A tubby dinosaur sporting horns each the length of a baseball bat roamed what is now Mexico some 72 million years ago.
Remains of the plant-eating dinosaur, now called Coahuilaceratops magnacuerna, were unearthed from the Cerro del Pueblo Formation in Coahuila, Mexico. Fossils belonging to both an adult and juvenile of the species were unearthed at the site.
When alive, the dinosaur would have been about the size of a rhinoceros, weighing 4 to 5 tons, with horns estimated to be 3 to 4 feet long. The horns are considered the longest of any ceratopsids, a group of plant-eating horned dinosaurs whose members include the famous Triceratops.
Like other horned dinosaurs, Coahuilaceratops probably used its headgear to attract mates and fight with rivals of the same species.
"Being one of the largest herbivores in its ecosystem, adult Coahuilaceratops probably didn't have to worry about large tyrannosaur predators," said researcher Andrew Farke of the Raymond M. Alf Museum in Claremont, Calif.
The new species, announced today, will be detailed in the book "New Perspectives on Horned Dinosaurs" to be released next week by Indiana University Press.
Mark Loewen, a paleontologist with the Utah Museum of Natural History and lead author of the study, described the arid, desert terrain where the dinosaur was recovered as nothing like Mexico during the Late Cretaceous (97 million to 65 million years ago).
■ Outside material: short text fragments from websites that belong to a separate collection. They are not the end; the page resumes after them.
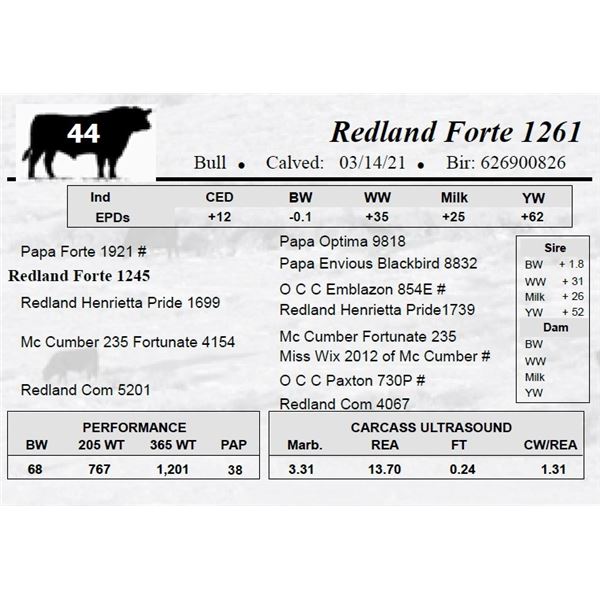 Redland Forte 1261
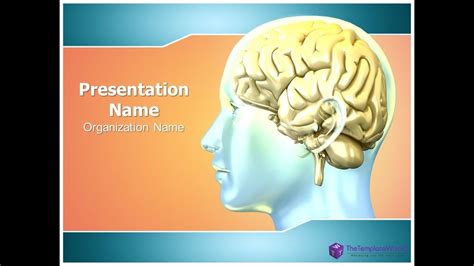 Human Brain Powerpoint Presentation Template Thetemplatewizard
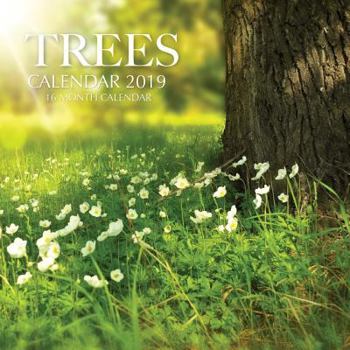 Paperback Trees Calendar 2019: 16 Month Calendar Book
At that time, due to high global sea levels, the region was a humid estuary with lush vegetation, much like the present-day Gulf Coast.
The high sea level created an interior seaway that split North America into a western landmass called Laramidia and an eastern one called Appalachia. Coahuilaceratops lived at the southernmost tip Laramidia.
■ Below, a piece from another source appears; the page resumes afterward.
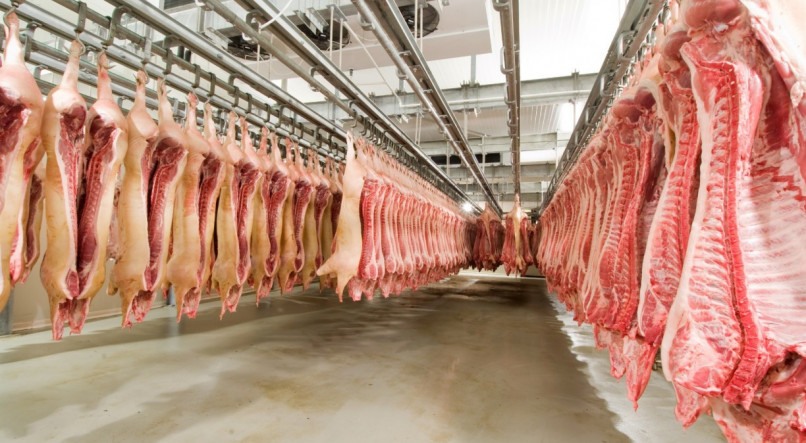 Produção de Carne suina no brasil.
Many dinosaur bones in the area are covered with fossilized snails and marine clams, suggesting the dinosaurs lived adjacent to the seashore.
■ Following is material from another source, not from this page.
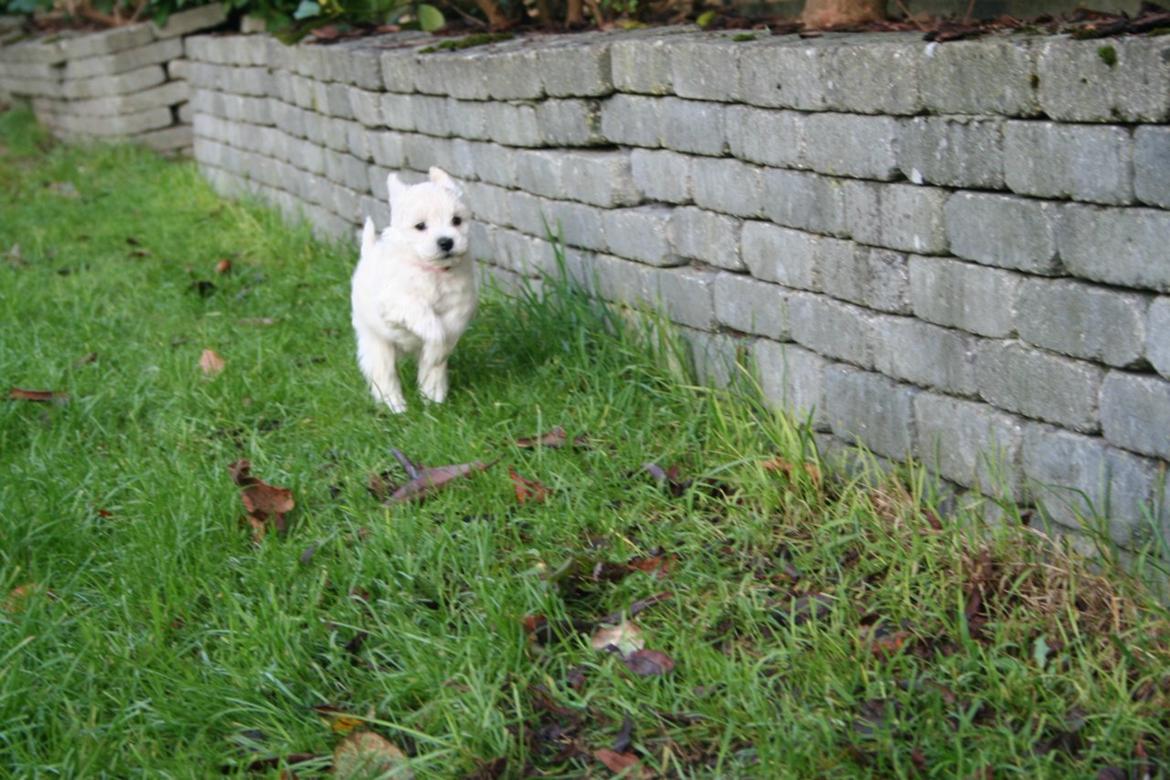 Blanding af racer Molly billede 2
In addition to Coahuilaceratops, the research team found remains of two other horned dinosaurs, two duck-bill dinosaurs, as well as the remains of carnivores, including large tyrannosaurs (smaller, older relatives of T. rex) and more diminutive Velociraptor-like predators armed with sickle-claws on their feet.
In fact, some of the sites in the area appear to represent mass death events, perhaps associated with storms such as today's hurricanes that occur in the region.
"Sitting near the southern tip of Laramidia, this region may have been hammered by monstrous storms," said study researcher Scott Sampson, a paleontologistat the Utah Museum of Natural History. "If so, such periodic cataclysms likely devastated miles of coastline, killing off large numbers of dinosaurs."
But that's not how Coahuilaceratops died. "This was found with several individuals, but we don't think a hurricane killed these guys," Loewen told LiveScience. "Hurricanes came through and destroyed some of the dinosaurs. The actual one we're announcing didn't die that way."
In all, the discoveries paint a picture of a diverse, ancient ecosystem strewn with plant- and meat-eating dinosaurs, possibly representing a previously unknown assemblage of species, the researchers say.
"Rather than focusing only on individual varieties of dinosaurs, we are attempting to reveal what life was like in Mexico 72 million years ago, and understand how the unique ecosystem of Mexico relates to ecosystems to the north at the time," Loewen said.